[Opening INFORMATION SUPPLIED section]

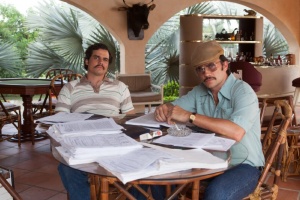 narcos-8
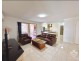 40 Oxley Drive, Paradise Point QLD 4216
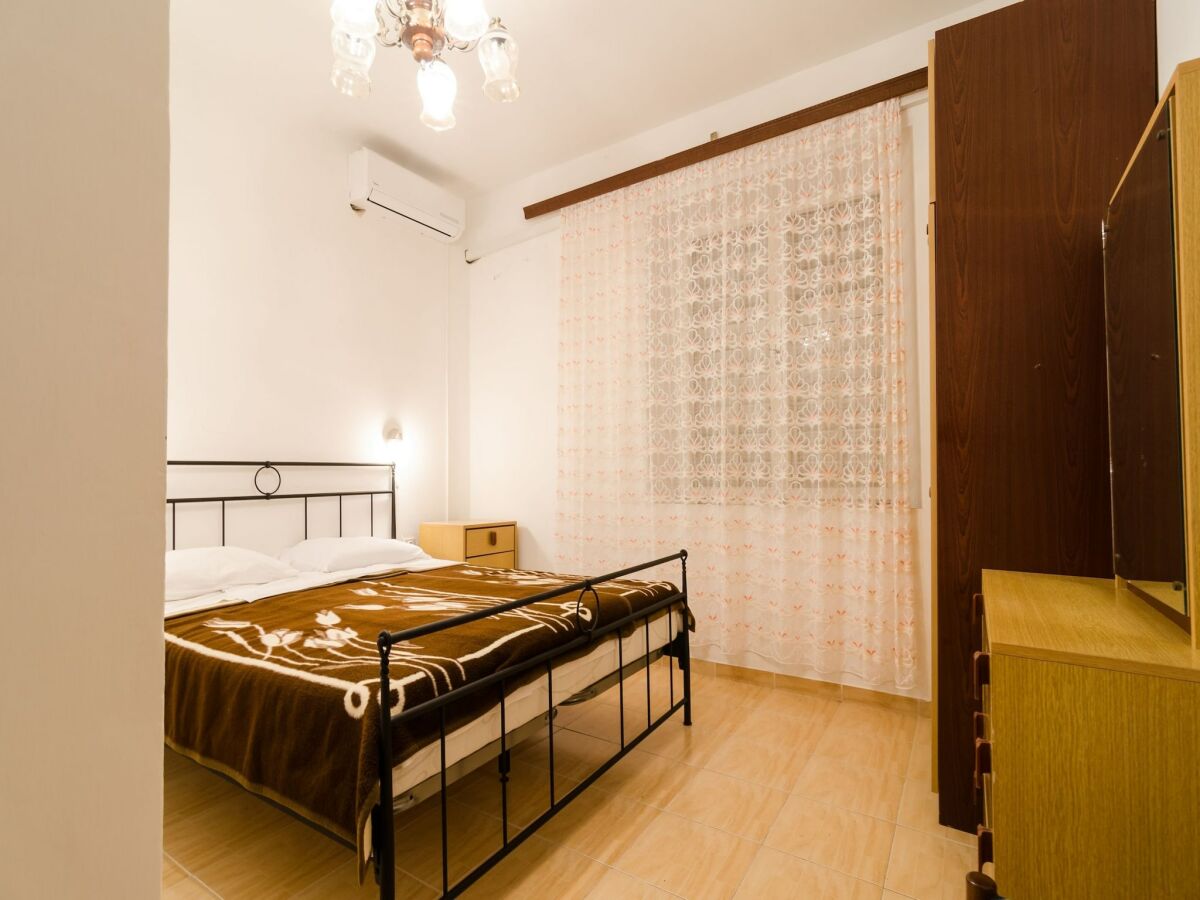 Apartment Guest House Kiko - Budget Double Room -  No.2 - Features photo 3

[Closing INFORMATION SUPPLIED section]

* [TASK STATEMENT]: Make an exact copy of the listing above. Do not include the pictures.

* [TASK SOLUTION]:
 narcos-8
 40 Oxley Drive, Paradise Point QLD 4216
 Apartment Guest House Kiko - Budget Double Room -  No.2 - Features photo 3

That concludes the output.